Das ist jedoch quasi unmöglich, weil sich der Feind in ihren eigenen vier Wänden eingenistet hat. Schwägerin Rose (Eva Lobau) hat sich von Rolfis Schwiegervater schwängern lassen, was sich spätestens nach der Geburt nicht länger verheimlichen ließ, denn der Mann ist Afroamerikaner. Nun frönt sie in Ricardas Zimmer ihrer postnatalen Depression. Als sich Susanne das Sprunggelenk bricht, hat Gundula einen zweiten Pflegefall im Haus. Zu allem Überfluss stellt sich raus, dass die Schwiegermutter hoch verschuldet ist.

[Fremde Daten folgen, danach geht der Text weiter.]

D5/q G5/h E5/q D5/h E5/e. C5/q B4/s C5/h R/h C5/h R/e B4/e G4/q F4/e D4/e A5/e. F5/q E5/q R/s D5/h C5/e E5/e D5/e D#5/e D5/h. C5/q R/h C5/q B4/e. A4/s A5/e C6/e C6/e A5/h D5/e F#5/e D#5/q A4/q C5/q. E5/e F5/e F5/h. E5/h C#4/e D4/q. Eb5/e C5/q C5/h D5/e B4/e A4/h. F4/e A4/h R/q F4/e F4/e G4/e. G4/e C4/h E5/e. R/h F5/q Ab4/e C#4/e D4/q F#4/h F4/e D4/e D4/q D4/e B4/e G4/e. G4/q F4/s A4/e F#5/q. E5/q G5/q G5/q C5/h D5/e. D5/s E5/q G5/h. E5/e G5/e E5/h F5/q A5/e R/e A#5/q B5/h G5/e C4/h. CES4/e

Gundulas lebensuntüchtiger Bruder Hadi (Stephan Grossmann) badet derweil in seinem Wohnmobil vor dem Haus in Weltschmerz und Selbstmitleid: Er fühlt sich angesichts des Babys, das ihm täglich Schwarz auf Weiß Roses Seitensprung vor Augen führt, entmannt. Buchstäblich Fahrt kommt allerdings erst in die Geschichte, als ausgerechnet die beiden einander spinnefeindlichen alten Fregatten, die zutiefst gekränkt sind, weil Gundula und Gerald ihnen endlich mal die Meinung gesagt haben, den Camper kapern und sich kurzerhand in einem feudalen Landhotel verwöhnen lassen. Gundulas Therapeut soll die Familie zum kollektiven Kniefall herbeikarren, was nach allerlei Wirrungen dazu führt, dass die Sippe an Heiligabend in einer Brandenburger Polizeistation landet.

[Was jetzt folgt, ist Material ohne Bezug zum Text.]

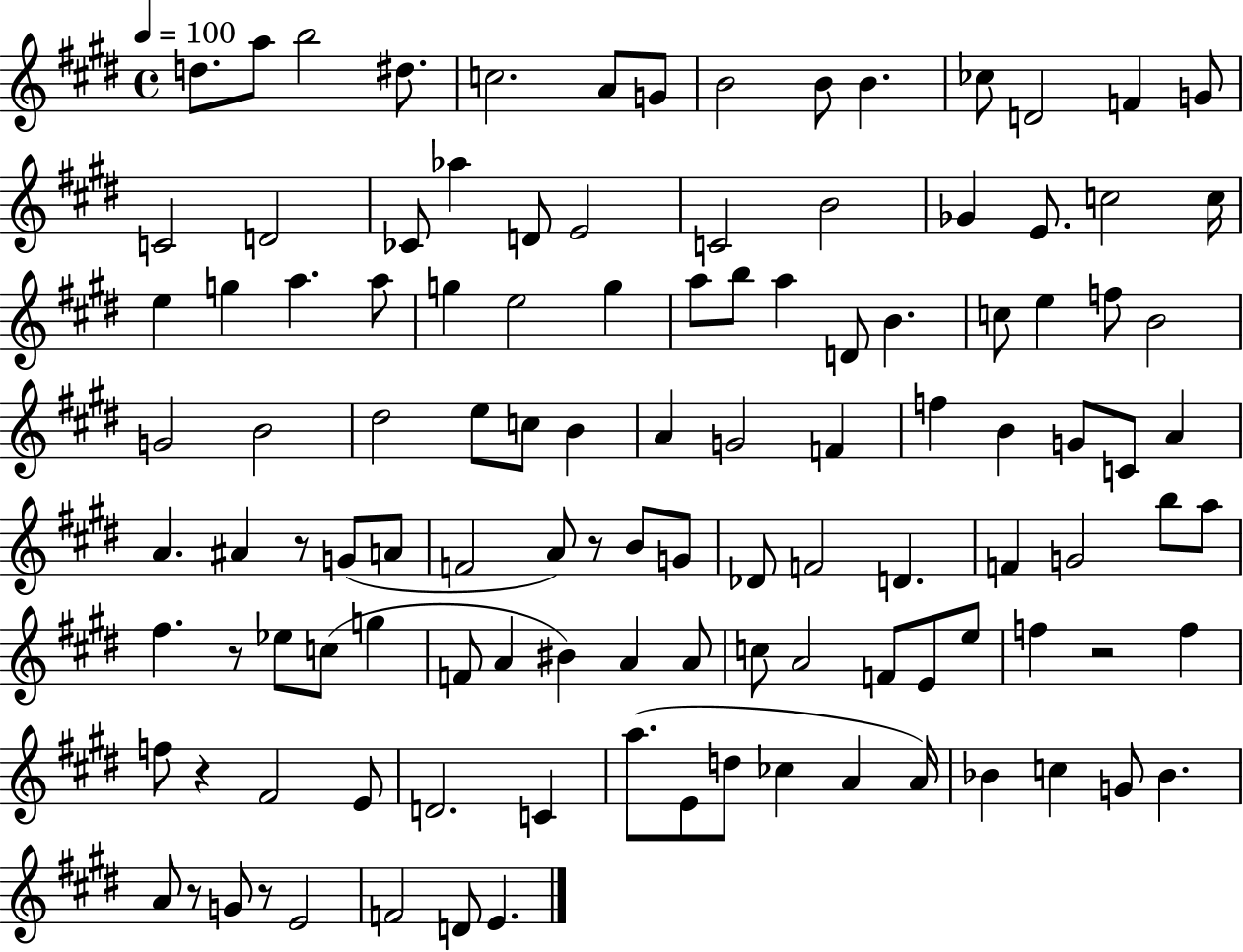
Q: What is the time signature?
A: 4/4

Neben der abwechslungsreichen Handlung und der hörenswerten Jazzmusik (Jacki Engelken) sorgen vor allem das Ensemble, viele amüsante Einfälle und die kurzweiligen Dialoge dafür, dass "Familie Bundschuh im Weihnachtschaos" keine Zeitverschwendung ist; selbst wenn die immer wieder eingestreuten Klima-Pessimismen von Sohn Matz (Mathis Wernecke) allzu aufgesagt klingen.

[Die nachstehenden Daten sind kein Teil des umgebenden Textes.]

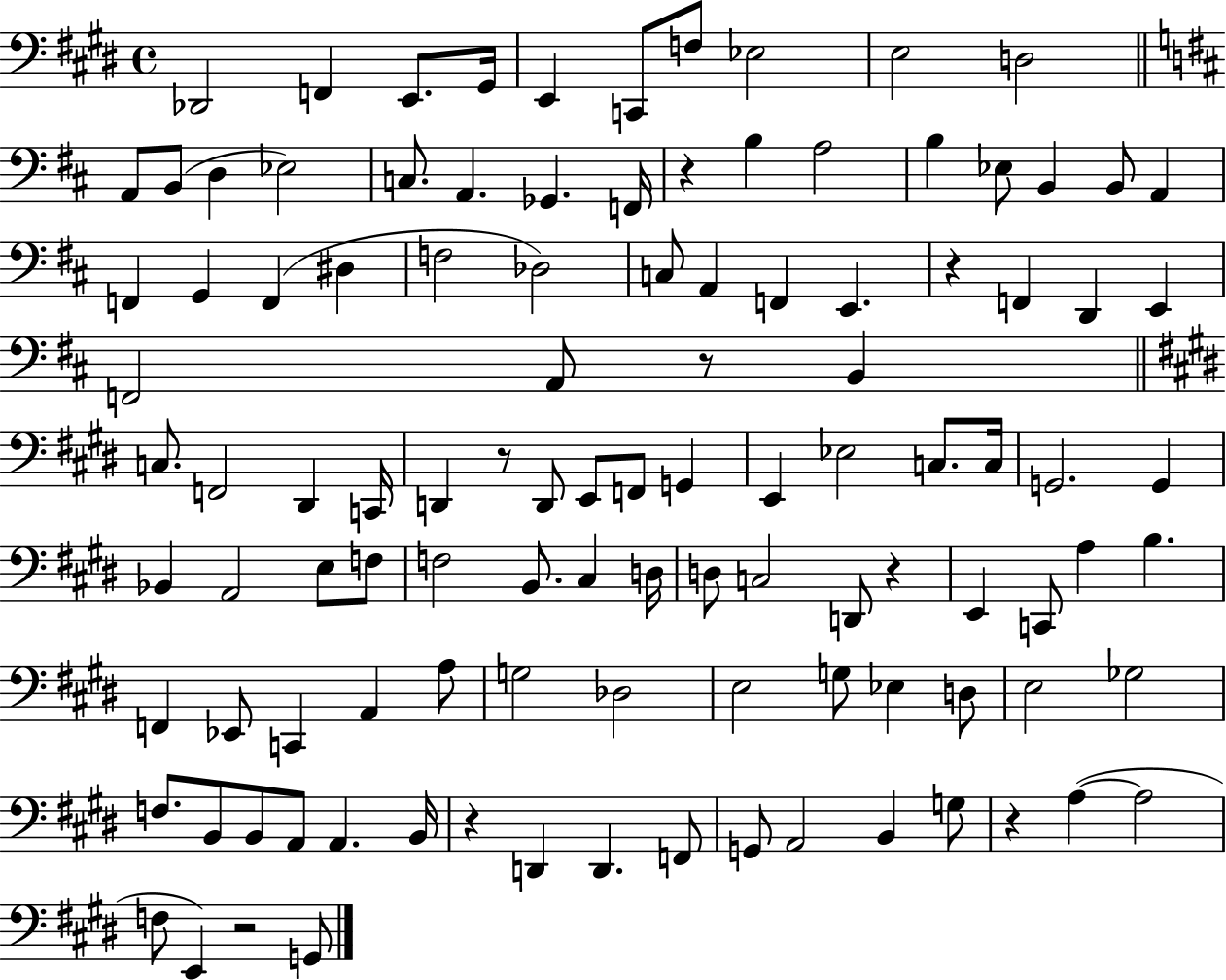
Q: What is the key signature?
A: E major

Nennstiel hat es diesmal allerdings vermieden, den Film allzu klamottig werden zu lassen. Für Abwechslung sorgen auch die Gundulas Visionen, die sich unter anderem angesichts von Susannes Schulden als Flaschensammlerin sieht. Eher missraten ist dagegen ein Gastauftritt von Wilson Gonzales Ochsenknecht, der nun wirklich nicht wie ein Pfarrer wirkt. Der Seelsorger gewährt der Familie Kirchenasyl und verwendet sie kurzerhand als Statisten beim Christmetten-Krippenspiel; diese Besetzung sorgt allerdings in der Tat für eine verblüffende Schlusspointe.